I wish I could take her but my gf said not now 

http://www.4leggedlove.com/adoption.htm


----------



## Lisa (Feb 18, 2009)

Kian and Kali....sounds very good together!


----------



## grahama (May 4, 2009)

If I was in Canada I would have her. My wife was very interested but I just tested the water with the advert to see how she liked the idea. mmmmmmmmmm, is another V on the cards ???


----------



## gunnr (Aug 14, 2009)

She's a beautiful dog. I really hope someone can provide a home for her.

Sometimes folks are reticent to adopt an older dog believing that they absolutely must start with a puppy.
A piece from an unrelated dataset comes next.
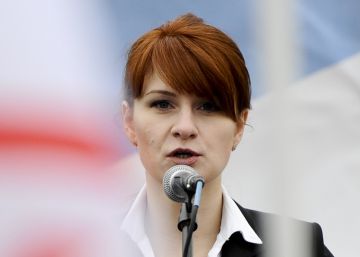 La supuesta agente rusa Maria Butina prepara su declaración de culpabilidad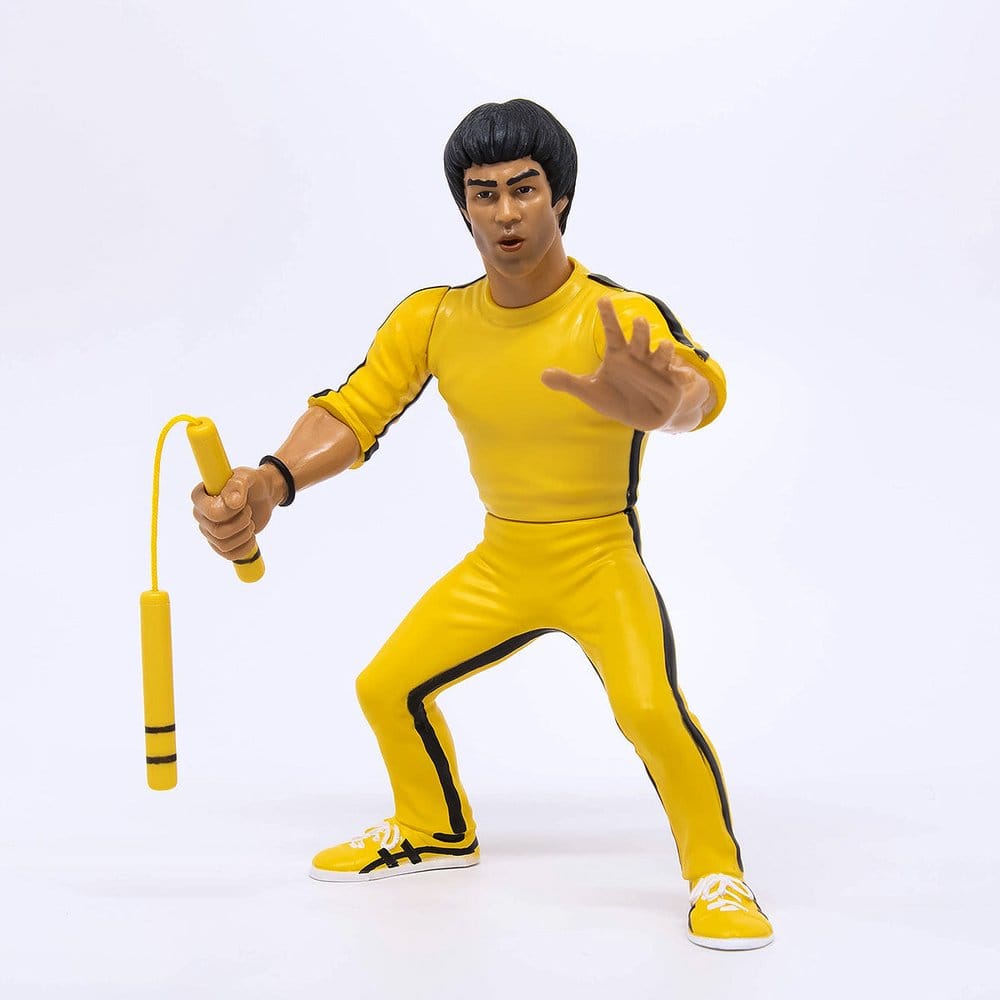 Bruce Lee Zombie Sailor's Toys Figura Yellow Tracksuit 11 cm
This really is not true.
My two dogs came to me at 2 years old ( Tika), and 11months old (Gunnr). The experience of taking an "older" dog and incorporating them into the household has been phenomenol. I thinkl I've actually learned more about V's in the last 10 months than the past ten years. They've really taught me alot. 
I had my "formula" for starting puppies out down pretty well, but starting out an older, stronger, dog made me have step outside my box, and really look at them and think about how to get to the next step.
There was a point where both of them, indivdually, decided that "this was where they wanted to be", and that they wanted to be part of the household, and family. It was a cool moment.


----------



## Kailua (Feb 12, 2009)

I just emailed the agency for more info. Kali sounds like a great dog. The only problem would be shipping her to Hawaii. I can only imagine the airline fee .


----------